# Replicate HQQ results

In this notebook we will show the code and all the explanations and considerations needed to replicate the results obtained for HQQ with LLaMA 2 7b in sentiment analysis task.

Firstly, we need to set up a python environment. For this purpose, the usual command can be used. For example:

python3 -m venv .env

After we have the environment created, we need to install all the requirements. For this, just execute the following command with the environment activated. This will install all the requirements for the whole project, not just this notebook.

pip install -r requirements.txt

Now we can start with the code.
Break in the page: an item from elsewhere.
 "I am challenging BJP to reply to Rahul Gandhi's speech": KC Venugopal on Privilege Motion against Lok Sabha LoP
Firstly, we import all the necessary libraries and methods:

In [None]:
import torch
from transformers import AutoTokenizer, LlamaForSequenceClassification, LlamaTokenizer, LlamaConfig, Trainer, TrainingArguments, HqqConfig
from datasets import load_dataset
from codecarbon import OfflineEmissionsTracker
import time
import wandb
from peft import LoraConfig, get_peft_model, TaskType
import os
from huggingface_hub import login
from sklearn.metrics import classification_report
from torch.utils.data import DataLoader
from tqdm import tqdm 

Firsly we add a classification layer to our base model and train it using LoRA. After this, we save the model. We do this step by step. 
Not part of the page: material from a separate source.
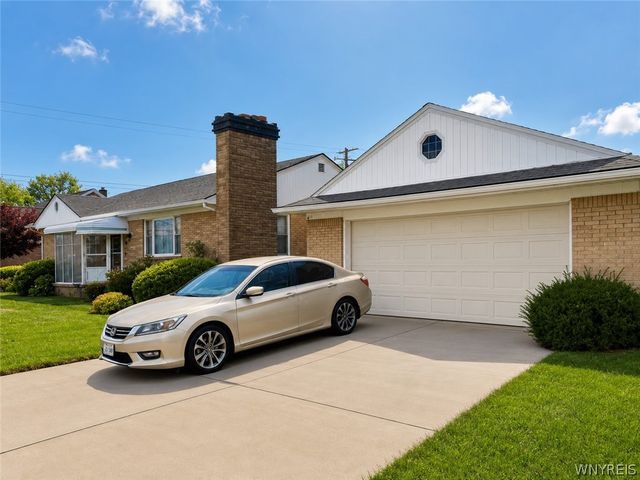 910 George Urban Boulevard, Cheektowaga, NY 14225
Note that through this code, some emissions trackers from CodeCarbon or Wandb functions will appear. This can be changed if needed.

Initial configuration:

In [None]:
hf_token = "######" #Replace with your HugginFace token
login(token=hf_token)

run = wandb.init(project="LLaMA_LoRA_training")


os.environ['CUDA_DEVICE_ORDER'] = 'PCI_BUS_ID'
os.environ['CUDA_VISIBLE_DEVICES'] = '0' #Change depending on the GPU used

Load the dataset and the tokenizer:

In [None]:
#Load dataset
dataset = load_dataset("tweet_eval", "sentiment")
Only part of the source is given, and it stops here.